Information:
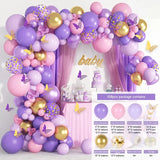 elvesmall Butterfly Pink Purple Balloon Garland Arch Kit Birthday Party Decor Kids Baby Shower Latex Ballon Chain Wedding Party Supplies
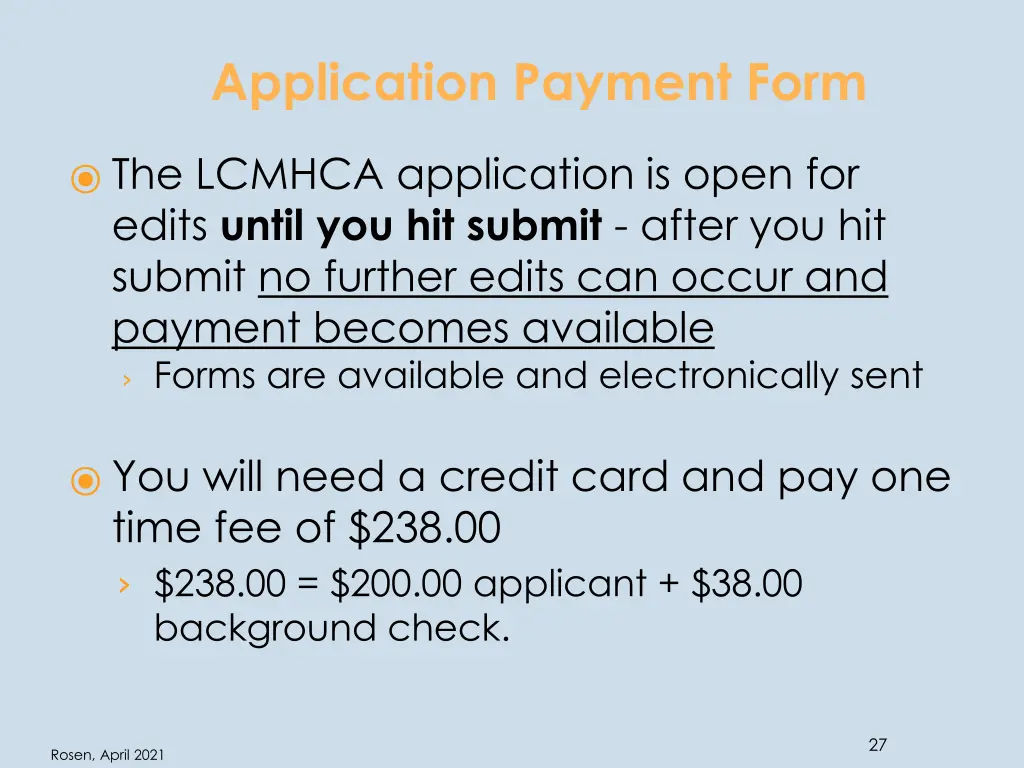 application payment form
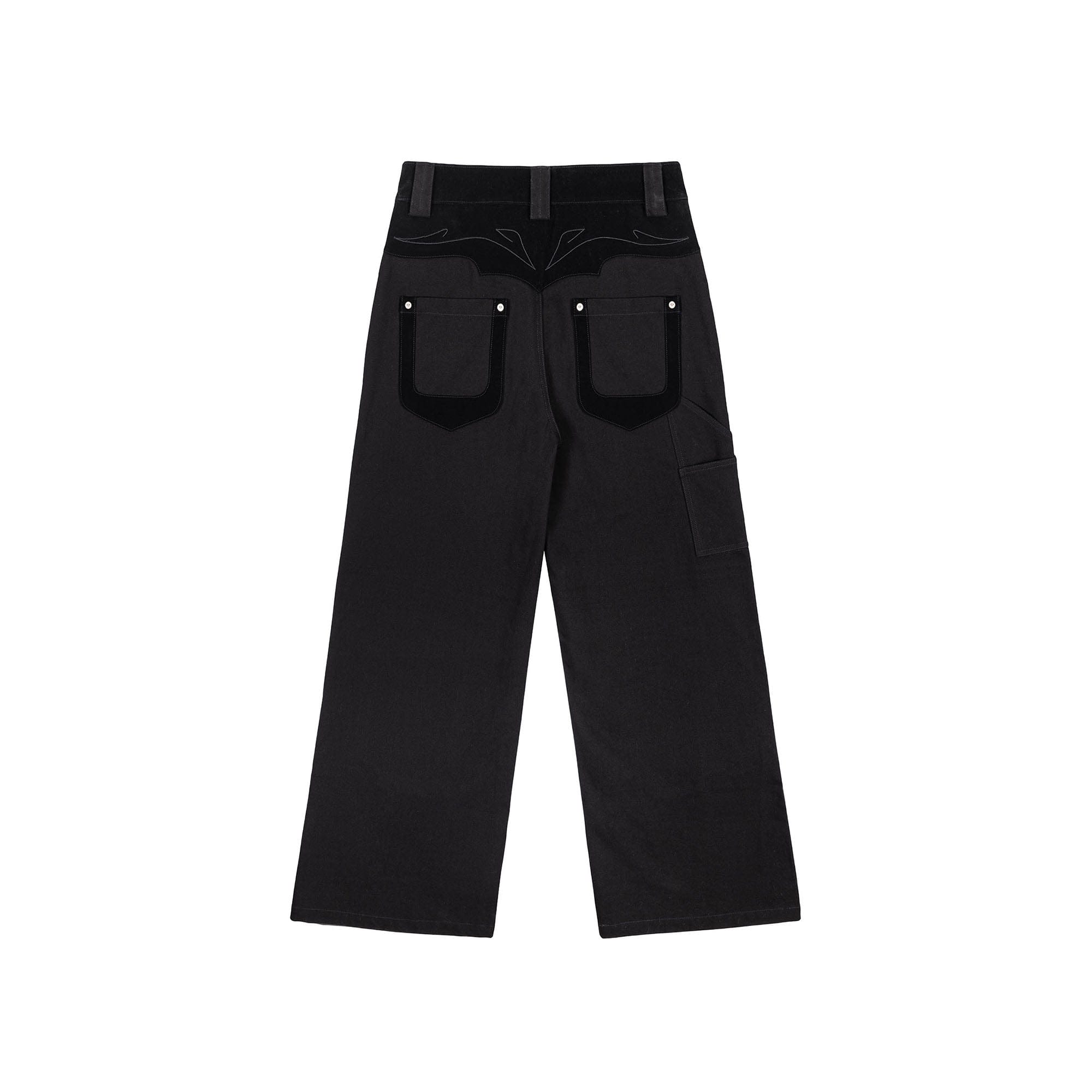 ESAIAS Rune Embroidered Velvet Panel Pants-Pants-S (Preorder)-Free Shipping Leatheretro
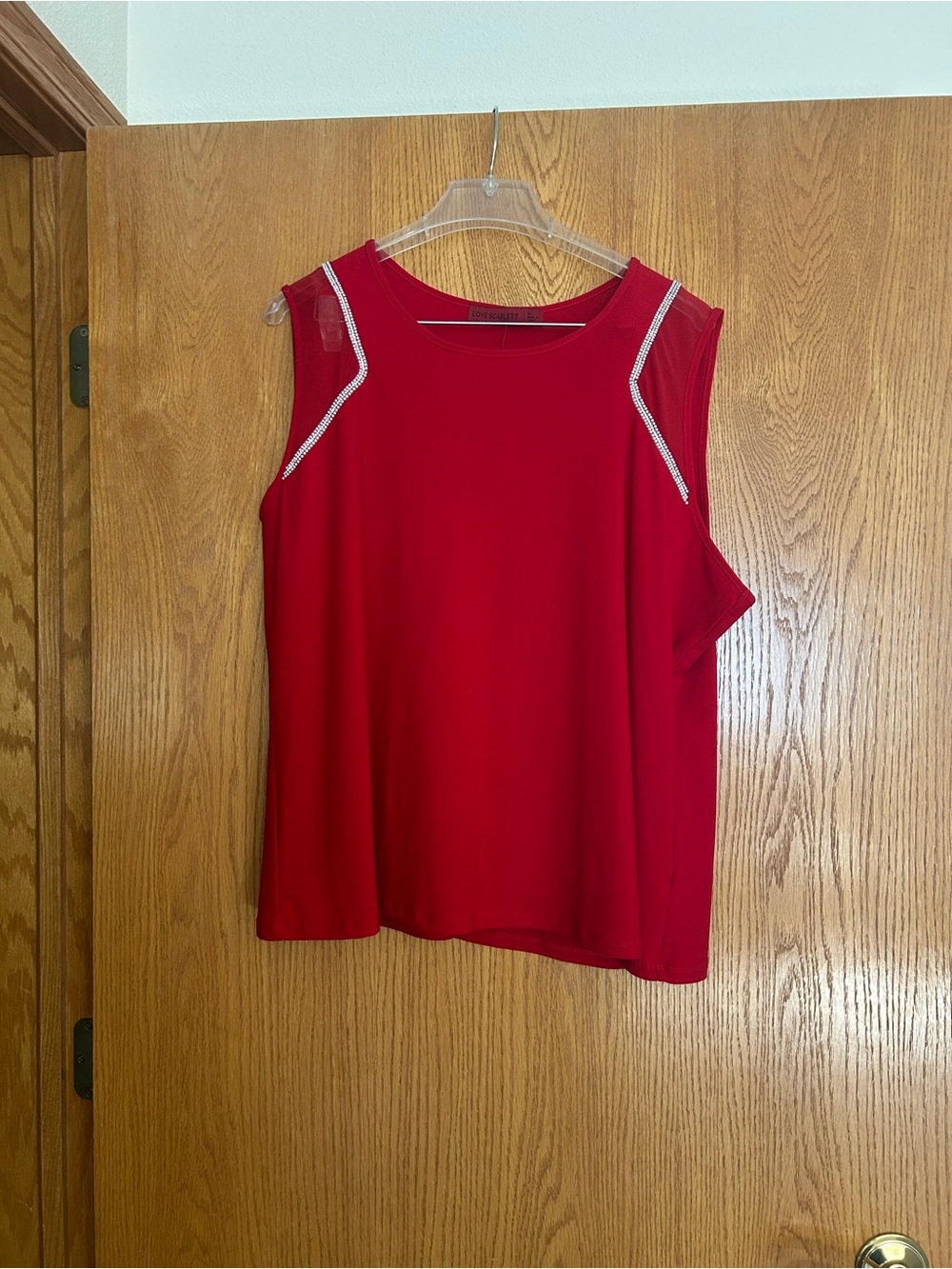 Red Sleeveless Tank with Silver Shoulder Trim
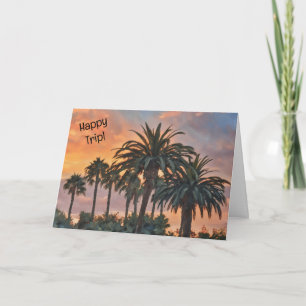 Carte d'art pour un voyage heureux Palm Trees
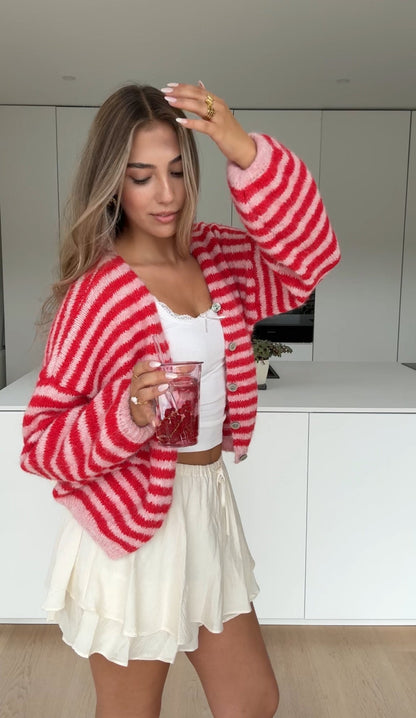 STRIPED COLOR CARDIGAN CHERRY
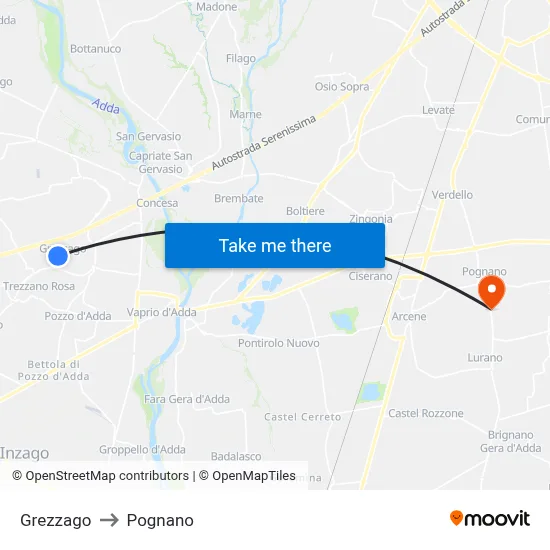 Grezzago to Pognano map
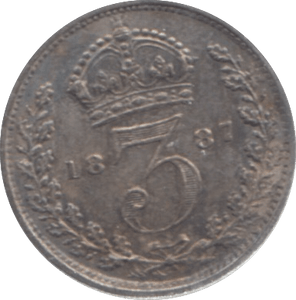 1887 THREEPENCE ( UNC ) 2 - Threepence - Cambridgeshire Coins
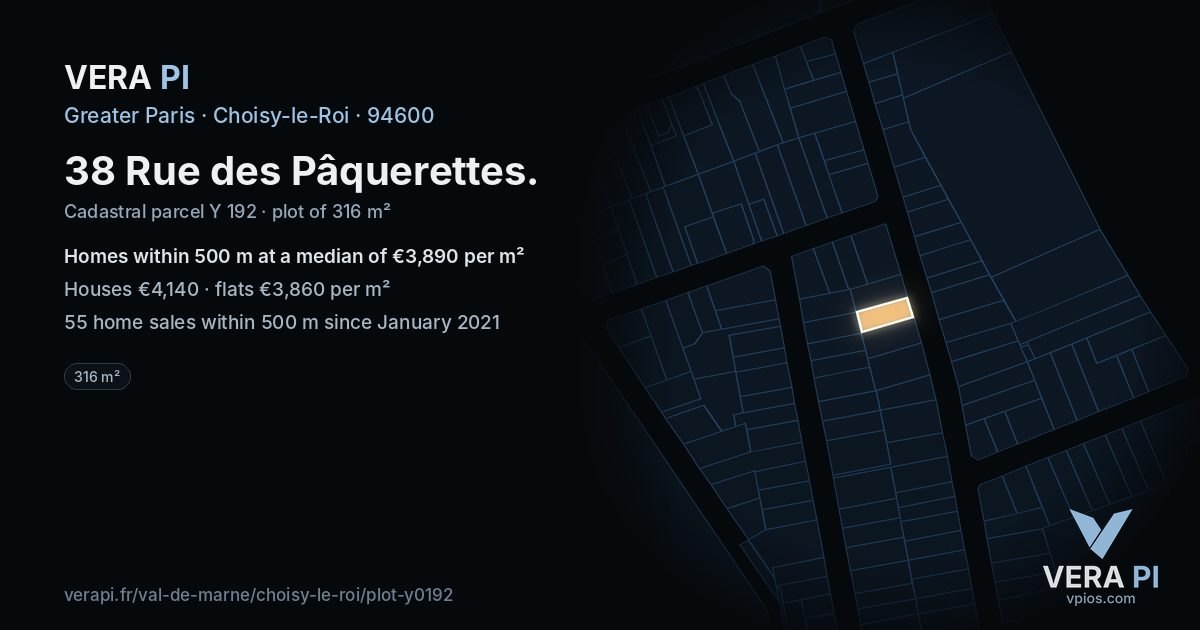 38 Rue des Pâquerettes, Choisy-le-Roi at night – the plot lit, the parcels around coloured by the prices near them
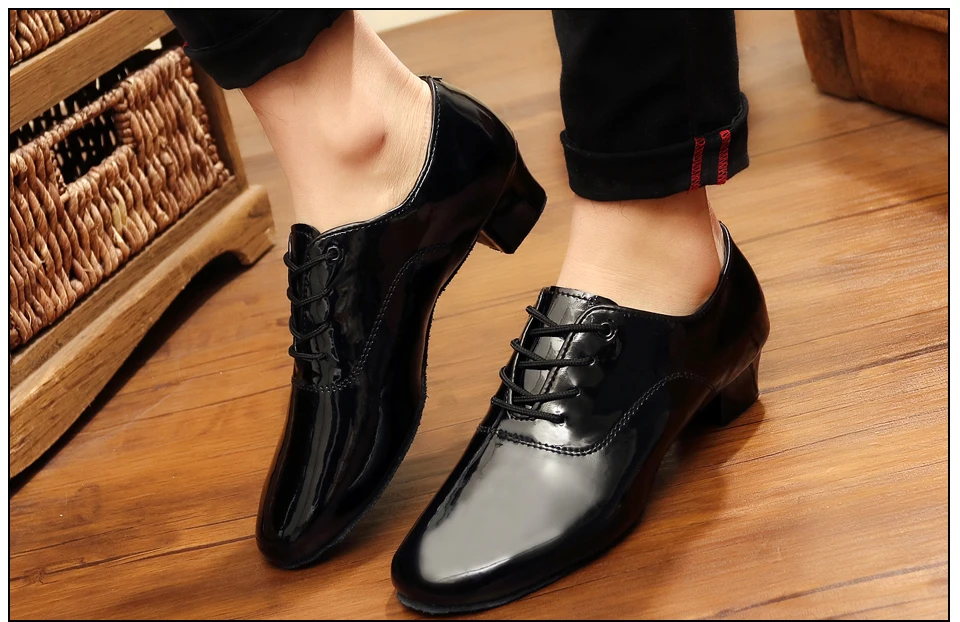 Men's Soft Latin Dance Shoes Modern Dance Plus-Size 2.5cm Heel for Boy Ballroom Tango Children Man Black Dance Shoes Soft Sole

Task directions:
Please reproduce verbatim the lines from the line with "Red Sleeveless Tank" through the final line of the listing, inclusive of both ends. Omit all pictures.

Solution:
 Red Sleeveless Tank with Silver Shoulder Trim
 Carte d'art pour un voyage heureux Palm Trees
 STRIPED COLOR CARDIGAN CHERRY
 Grezzago to Pognano map
 1887 THREEPENCE ( UNC ) 2 - Threepence - Cambridgeshire Coins
 38 Rue des Pâquerettes, Choisy-le-Roi at night – the plot lit, the parcels around coloured by the prices near them
 Men's Soft Latin Dance Shoes Modern Dance Plus-Size 2.5cm Heel for Boy Ballroom Tango Children Man Black Dance Shoes Soft Sole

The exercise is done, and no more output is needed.